Supplied entries:
********************

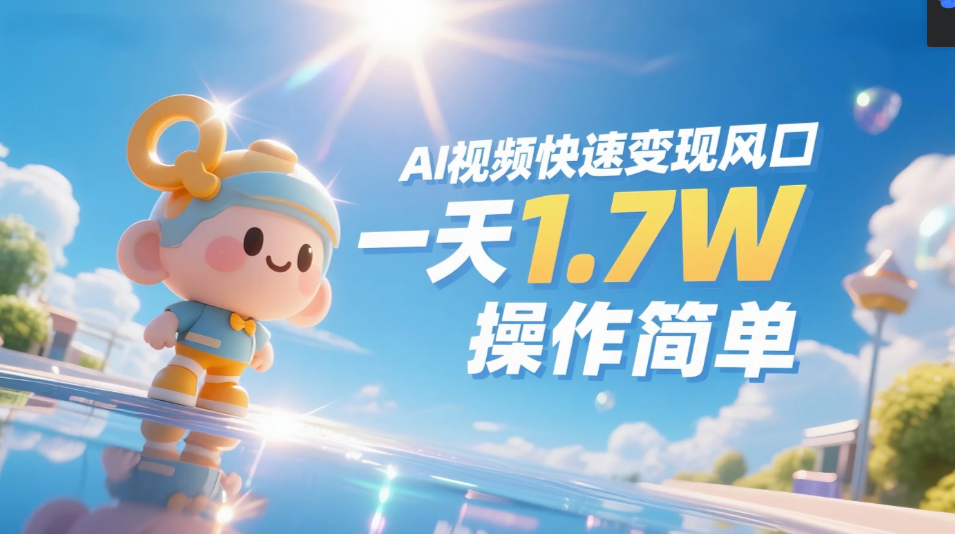 《Ai视频变现风口,一天1.7W,收入无上限,操作简单》-春生副业网
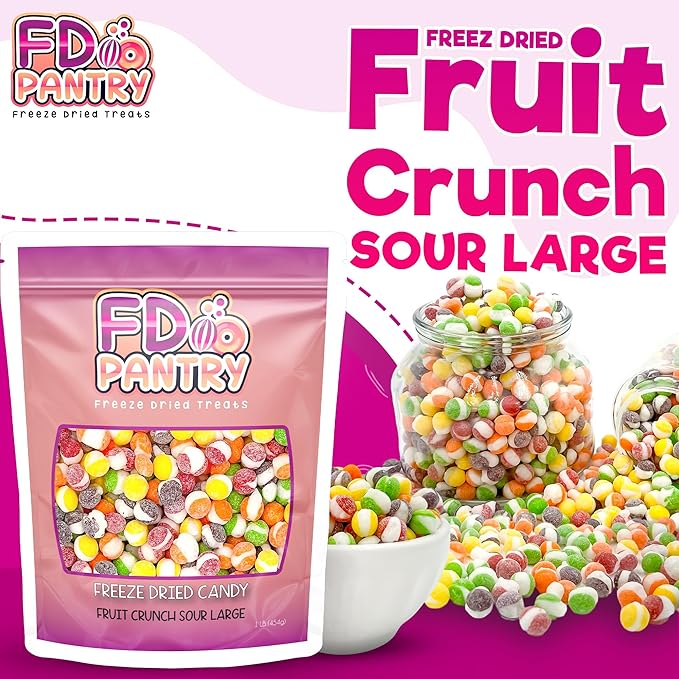 Fruit Crunch Sour Freeze Dried Candy Variety Pack 16oz - Assorted Candy Freeze Dried Sour Flavors, Large Resealable Pouch - Ideal Freeze Dried Snack Treat, Great Gift Idea - 1lb Bag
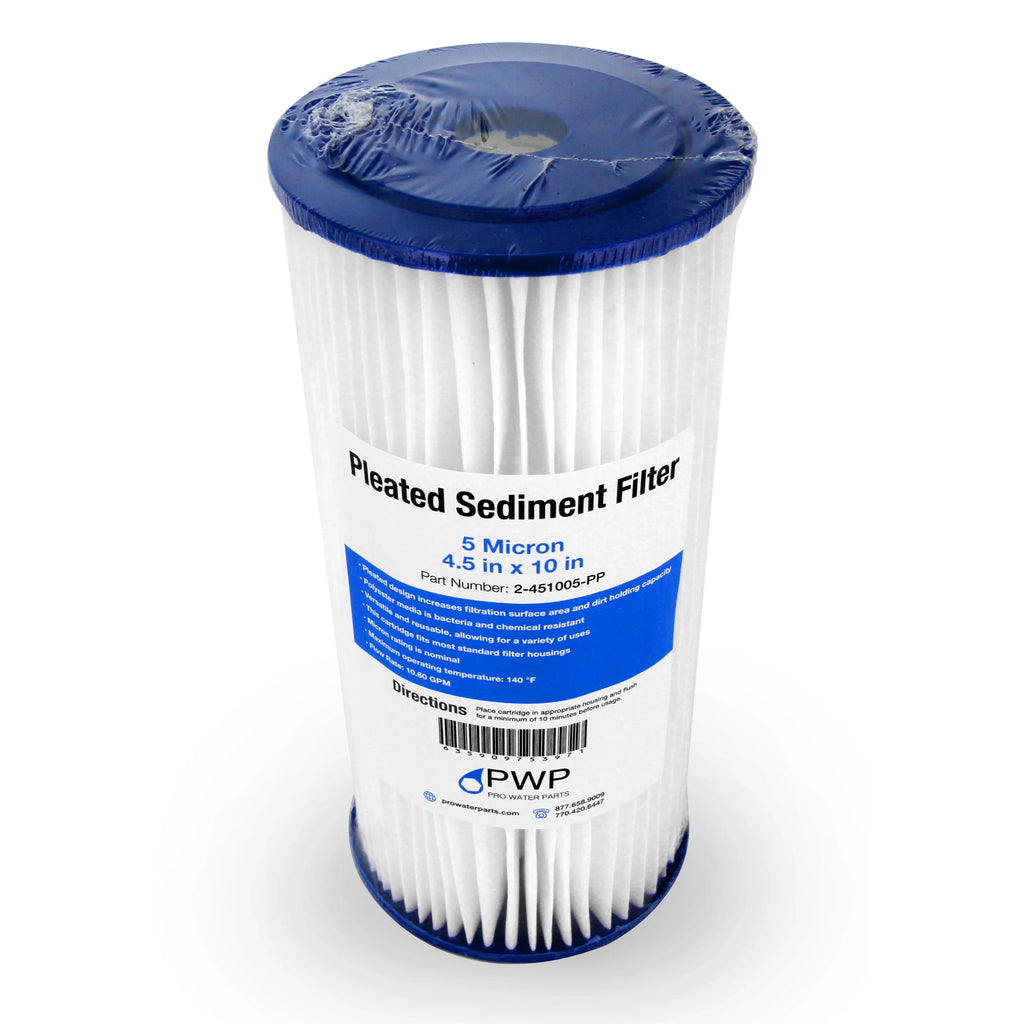 Pleated Poly Sizeediment Water Filter Cartridge 4.5x10" 5 Micron 20 Pack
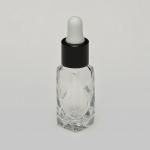 1/4 oz (7.5ml) Diamond-Shape Clear Glass Bottle with Serum Droppers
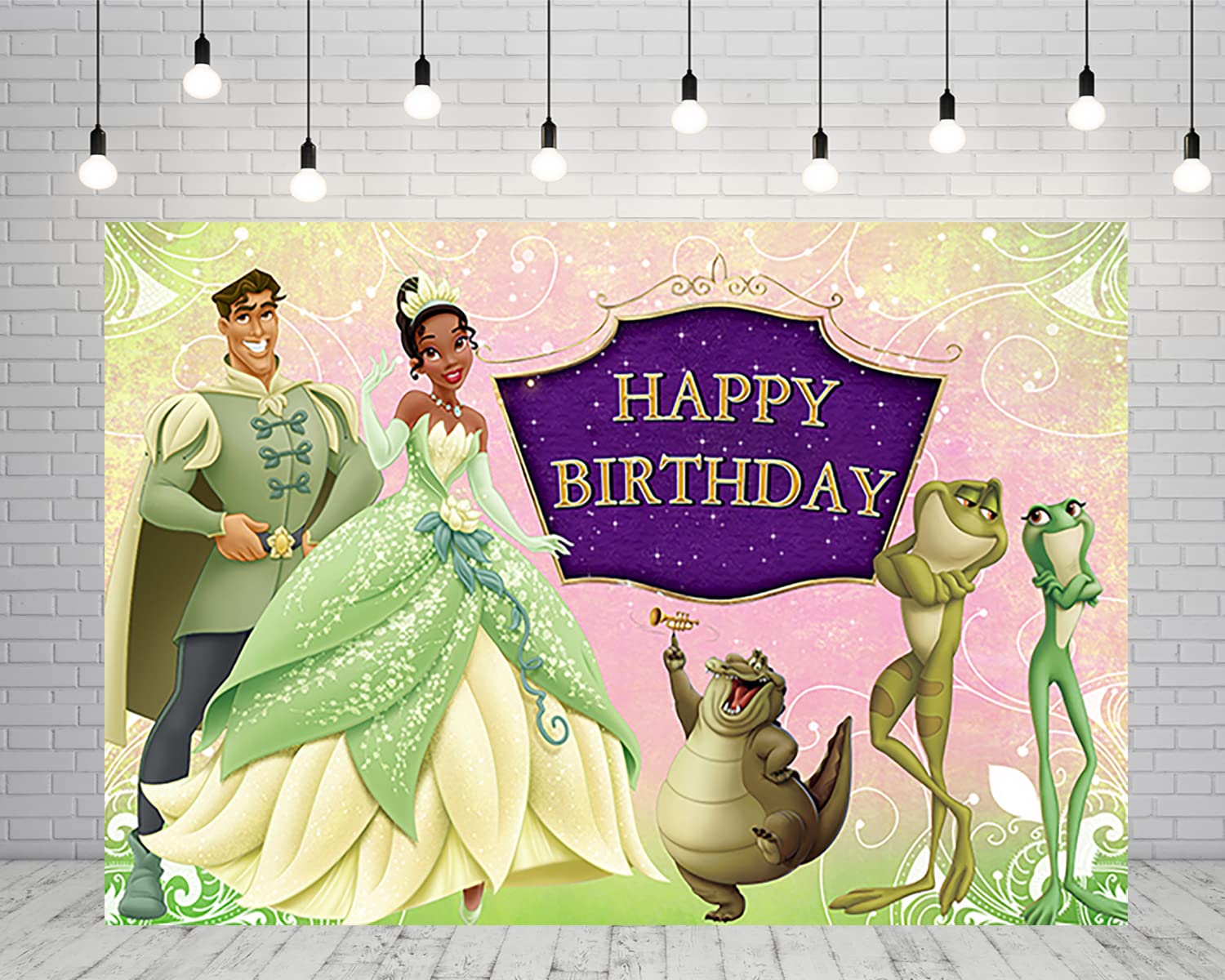 Photo 1 of Princess Tiana Backdrop for Birthday Party Supplies 5x3ft Tiana Photo Backgrounds Princess and The Frog Theme Baby Shower Banner for Birthday Cake Table Decoration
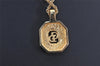 Authentic Christian Dior Gold Tone Chain Rhinestone Pendant Necklace CD 4344K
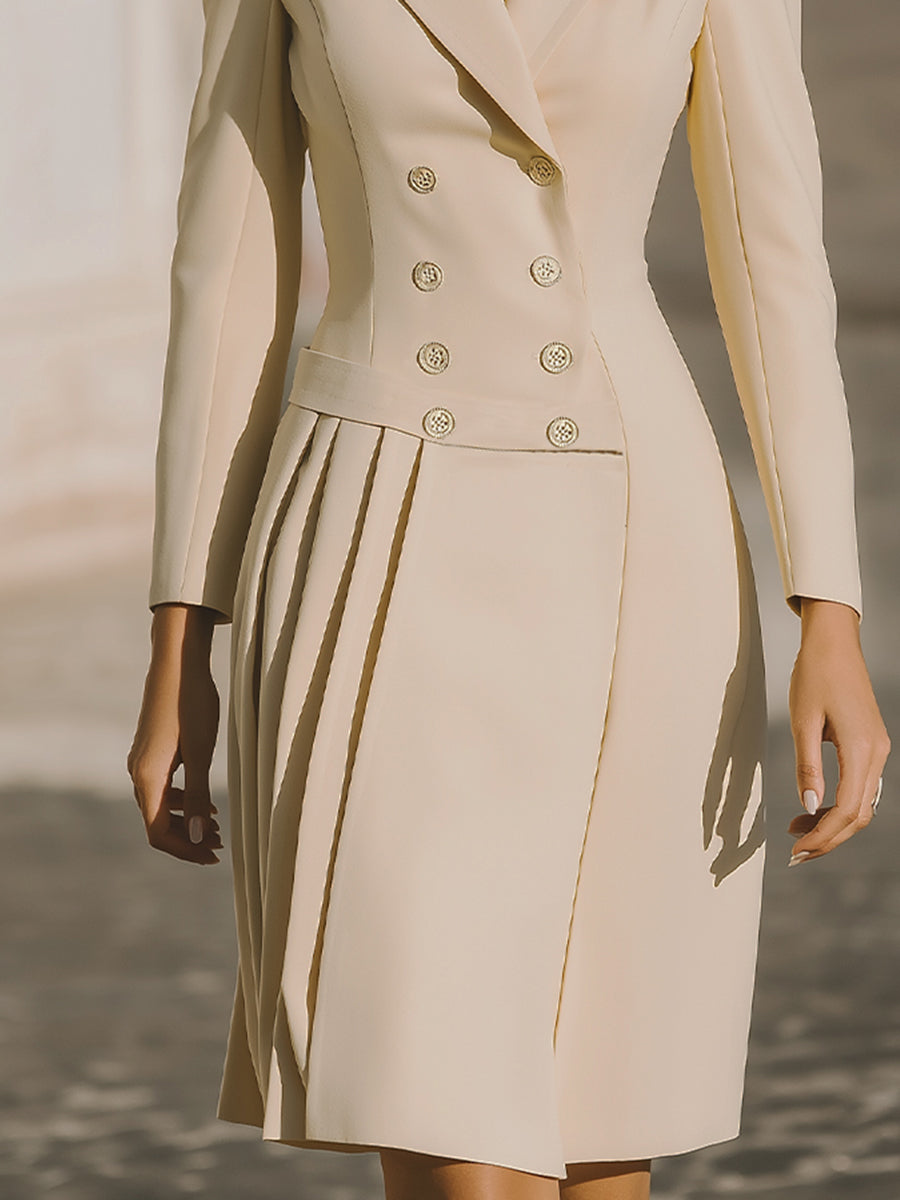 Stylish Double-Breasted Blazer Dress With Detachable Pleats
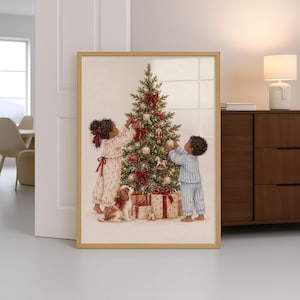 黒人の子供たちのクリスマスウォールアート、子供たちがクリスマスツリーを飾るヴィンテージアートプリント、赤いリボンのホリデーアート、子供部屋の装飾 - デジタルファイル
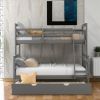 Twin over Full Bunk Bed with Ladder, Twin Size Trundle, Safety Guardrail, Gray(Old SKU:SM000208AAE-1) - as Pic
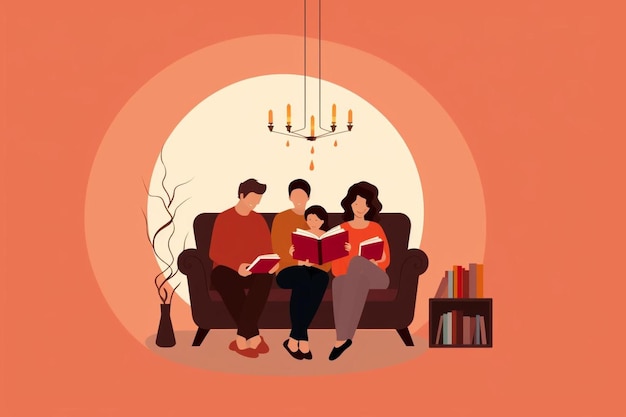 Eine Familie sitzt auf einer Couch und liest ein Buch.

********************

From the line containing "Stylish Double-Breasted Blazer" through the final line of the records, write out each line exactly, and include no pictures.

Written answer:
 Stylish Double-Breasted Blazer Dress With Detachable Pleats
 黒人の子供たちのクリスマスウォールアート、子供たちがクリスマスツリーを飾るヴィンテージアートプリント、赤いリボンのホリデーアート、子供部屋の装飾 - デジタルファイル
 Twin over Full Bunk Bed with Ladder, Twin Size Trundle, Safety Guardrail, Gray(Old SKU:SM000208AAE-1) - as Pic
 Eine Familie sitzt auf einer Couch und liest ein Buch.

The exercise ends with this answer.